Friday, February 20, 2009

“Eat that Frog” – Book Review !!!

Just finished skimming an insightful e-book “Eat that Frog” on time management. Although I am pretty comfortable with my time management techniques and have been able to handle divergent priorities till now, I took a chance with this book to learn something new – In hope to prepare for upcoming eventuality of a time crunch year ahead.

There were not exactly new things or mantra’s that this book presented. However, the book simply reinforced things that were buried down, several stacks, in my personal conscience. As the saying goes “You can’t teach an adult something new, you can just help him realize what he already knows”. Overall, I left the book with a positive experience and here is a snapshot of few things I liked.

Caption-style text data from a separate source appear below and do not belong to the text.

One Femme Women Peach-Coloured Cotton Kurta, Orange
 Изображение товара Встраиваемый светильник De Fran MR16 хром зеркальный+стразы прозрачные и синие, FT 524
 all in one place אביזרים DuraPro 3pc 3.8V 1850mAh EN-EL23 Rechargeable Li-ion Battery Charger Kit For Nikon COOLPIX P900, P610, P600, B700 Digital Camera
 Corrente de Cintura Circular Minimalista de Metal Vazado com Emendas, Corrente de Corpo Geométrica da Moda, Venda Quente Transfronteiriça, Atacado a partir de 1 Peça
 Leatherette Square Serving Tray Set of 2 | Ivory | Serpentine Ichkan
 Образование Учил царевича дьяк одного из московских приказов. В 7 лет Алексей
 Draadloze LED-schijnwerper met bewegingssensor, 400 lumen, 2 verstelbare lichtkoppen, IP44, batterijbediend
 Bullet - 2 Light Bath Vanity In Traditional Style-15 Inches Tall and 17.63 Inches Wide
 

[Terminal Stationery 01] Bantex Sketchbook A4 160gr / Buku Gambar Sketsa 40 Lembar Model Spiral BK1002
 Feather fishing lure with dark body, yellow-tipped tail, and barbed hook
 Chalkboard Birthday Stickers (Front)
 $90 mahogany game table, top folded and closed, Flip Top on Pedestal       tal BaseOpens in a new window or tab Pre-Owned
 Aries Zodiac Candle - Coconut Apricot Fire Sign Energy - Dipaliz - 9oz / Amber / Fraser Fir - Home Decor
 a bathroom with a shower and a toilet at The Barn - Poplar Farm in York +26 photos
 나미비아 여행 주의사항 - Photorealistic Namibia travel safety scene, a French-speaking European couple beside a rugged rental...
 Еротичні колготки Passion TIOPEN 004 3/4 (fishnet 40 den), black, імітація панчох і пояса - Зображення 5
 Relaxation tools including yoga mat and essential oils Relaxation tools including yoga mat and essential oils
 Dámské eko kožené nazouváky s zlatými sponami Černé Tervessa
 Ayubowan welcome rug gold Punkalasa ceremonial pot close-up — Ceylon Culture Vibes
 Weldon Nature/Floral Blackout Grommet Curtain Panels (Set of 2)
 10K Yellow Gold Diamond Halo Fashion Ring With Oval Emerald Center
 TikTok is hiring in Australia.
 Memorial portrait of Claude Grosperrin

The author emphasized that his success mantra over the years have been that he continuously learned what other successful people in his role did and he applied the same. Interesting thought but I would like to add a twist – “Think that you can do absolutely anything in life and commit to anything you want to do. Once done, find a role model whom you can follow, learn his approach, and applying the same. There is so much in this world to learn. If you can’t find a role model that means you are doing something that has never been done yet. Pat yourself and celebrate first – to find such task. Later, continue to believe you are made to do it, create your own path, and let others follow”. Quite an interesting theory!!!

Other than the above thought, the author presented 21 ideas – most of them pretty obvious but important like hell - to better your time management. I picked up few on them:

1. Think on Paper - Make written goals. It helps in thinking clearly. Write 10 goals for yourself, now
2. Plan your day in advance and live the future.
3. Follow 20/80 rule and pick the important activities first.
4. Long Term thinking improves short term decisions. Think bigger picture always.
5. Take small but regular steps to huge targets. Discipline yourself to take one step at a time. Your job is to go as far as you can see. Once you reach there, you will see the next destination.
6. Only about 2% people can work without supervision. These people are called 'Leaders' – Put voluntary pressure rather than waiting for someone.
7. Do the most difficult task first and create large chunks of time for important work.

The book implores one to be action oriented and the author concluded that an average person who develops the habit of setting clear priorities and getting important tasks completed quickly will run circles around a genius who talks a lot and makes wonderful plans but who gets very little done.

Quite an interesting read that plunged me into action – at least for now!!!!